Various systems have been employed for transmitting data along a well bore, one of the commonest being mud pulse telemetry where data pulses are transmitted through the drilling mud which is pumped down the bore hole being drilled. However, the present invention relates to a particular form of telemetry system where data is transmitted by means of a magnetic flux signal induced through magnetically permeable tubing extending along the bore hole. A system of this kind is described in U.S. Pat. No. 4,800,385. In the arrangement described in this patent a carrier signal is modulated by a downhole data signal and is then applied to a transmitting coil wound on the bottom portion of the drilling string to induce a magnetic flux signal in the drill string material. The magnetic flux signal is picked up as an electrical signal at a receiver coil disposed around an exposed end of the drill string at the surface. The electrical signal is equivalent to the modulated data signal. The receiver coil provides a voltage output which is proportional to the rate of change of magnetic flux through the coil area.
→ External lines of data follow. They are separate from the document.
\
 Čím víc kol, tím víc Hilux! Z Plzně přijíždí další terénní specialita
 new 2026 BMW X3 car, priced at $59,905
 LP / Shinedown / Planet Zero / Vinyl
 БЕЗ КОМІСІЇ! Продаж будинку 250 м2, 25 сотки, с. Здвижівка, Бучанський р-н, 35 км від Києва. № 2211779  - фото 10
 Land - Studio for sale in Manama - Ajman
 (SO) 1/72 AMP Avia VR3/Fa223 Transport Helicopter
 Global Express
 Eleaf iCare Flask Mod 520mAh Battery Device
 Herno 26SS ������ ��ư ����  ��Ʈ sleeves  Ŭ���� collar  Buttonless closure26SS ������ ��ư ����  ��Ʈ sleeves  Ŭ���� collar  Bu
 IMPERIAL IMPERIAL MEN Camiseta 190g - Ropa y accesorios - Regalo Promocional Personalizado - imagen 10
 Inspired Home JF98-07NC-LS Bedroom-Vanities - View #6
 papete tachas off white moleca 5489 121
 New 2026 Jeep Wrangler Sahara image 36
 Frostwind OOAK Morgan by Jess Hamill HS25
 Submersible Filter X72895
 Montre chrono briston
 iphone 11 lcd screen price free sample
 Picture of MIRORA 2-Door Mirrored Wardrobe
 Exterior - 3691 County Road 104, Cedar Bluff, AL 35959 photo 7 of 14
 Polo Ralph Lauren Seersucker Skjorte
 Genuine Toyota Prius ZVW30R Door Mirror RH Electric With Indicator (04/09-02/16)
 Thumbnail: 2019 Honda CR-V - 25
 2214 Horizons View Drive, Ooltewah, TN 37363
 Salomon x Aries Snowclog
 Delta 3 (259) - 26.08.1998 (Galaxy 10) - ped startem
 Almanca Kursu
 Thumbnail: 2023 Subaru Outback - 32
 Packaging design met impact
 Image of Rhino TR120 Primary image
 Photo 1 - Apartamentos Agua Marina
However, such an arrangement suffers from severe practical disadvantages. The transfer function of a magnetically permeable material produces a signal that attenuates approximately as the inverse square of the distance from the transmitter to the receiver. In a communication system used in a well bore that may be up to 7000 meters in depth, the use of a receiver coil to measure the transmitted magnetic flux energy which is likely to be achieved in practice is difficult due to the physical number of turns required in the coil, and the high noise which occurs due to the resistance of the element. Also, the extremely low voltage levels produced are beyond the capabilities of voltage measuring equipment to measure accurately. In addition, the response of the receiver coil is frequency dependent making demodulation of transmitted signals problematical, and a practical system is not feasible at low frequencies.
The present invention provides an improved well data telemetry system where these difficulties may be overcome.
According to the invention there is provided a well data telemetry system for transmitting data along at least a part of a well bore containing tubing of magnetically permeable material, the system comprising a transmitting coil located to transmit a magnetic flux signal along the tubing and/or the surrounding geological formations, means connected to the coil for modulating the magnetic flux signal in response to a data signal, and an a.c. magnetometer located to detect and respond to the magnetic flux signal at a position spaced from the transmitting coil. An a.c. magnetometer is a transducer instrument that has a known transfer function between the amplitude and phase of an alternating magnetic flux at its input to a voltage, current or frequency at its output.
By using an a.c. magnetometer instead of a conventional receiver coil to detect and respond to the magnetic flux signal, the system is capable of responding to the low levels of signal which are likely to be received in practice. Furthermore, the response of the a.c. magnetometer is independent of frequency so that the system may be used at low frequencies as well as high frequencies and demodulation of the transmitted signal can be effected without difficulty.
Preferably the magnetometer is capable of detecting magnetic flux levels of 10-12 Tesla or less from 0.5 Hz up to at least 10 Khz, and more preferably up to 500 Khz. The magnetometer may, for example, be an yttrium iron garnet magnetometer.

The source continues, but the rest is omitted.